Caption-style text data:
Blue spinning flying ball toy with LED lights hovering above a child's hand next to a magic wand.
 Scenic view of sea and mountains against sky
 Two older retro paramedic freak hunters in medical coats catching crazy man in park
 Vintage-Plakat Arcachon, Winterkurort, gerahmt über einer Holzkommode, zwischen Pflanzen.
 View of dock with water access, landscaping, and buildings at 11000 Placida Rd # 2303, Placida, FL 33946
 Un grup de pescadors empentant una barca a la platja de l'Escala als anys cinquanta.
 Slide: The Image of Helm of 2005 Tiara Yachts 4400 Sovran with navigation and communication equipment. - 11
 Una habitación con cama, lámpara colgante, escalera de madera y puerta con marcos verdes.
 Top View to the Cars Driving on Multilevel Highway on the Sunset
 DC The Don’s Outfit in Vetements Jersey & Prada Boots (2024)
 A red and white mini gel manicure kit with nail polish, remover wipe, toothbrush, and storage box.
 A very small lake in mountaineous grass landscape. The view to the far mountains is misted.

**Exercise aim**
Search the entries for the line holding "Slide: The Image". Return that line and the ones after it through the last, exactly.

**Answer to the exercise**
 Slide: The Image of Helm of 2005 Tiara Yachts 4400 Sovran with navigation and communication equipment. - 11
 Una habitación con cama, lámpara colgante, escalera de madera y puerta con marcos verdes.
 Top View to the Cars Driving on Multilevel Highway on the Sunset
 DC The Don’s Outfit in Vetements Jersey & Prada Boots (2024)
 A red and white mini gel manicure kit with nail polish, remover wipe, toothbrush, and storage box.
 A very small lake in mountaineous grass landscape. The view to the far mountains is misted.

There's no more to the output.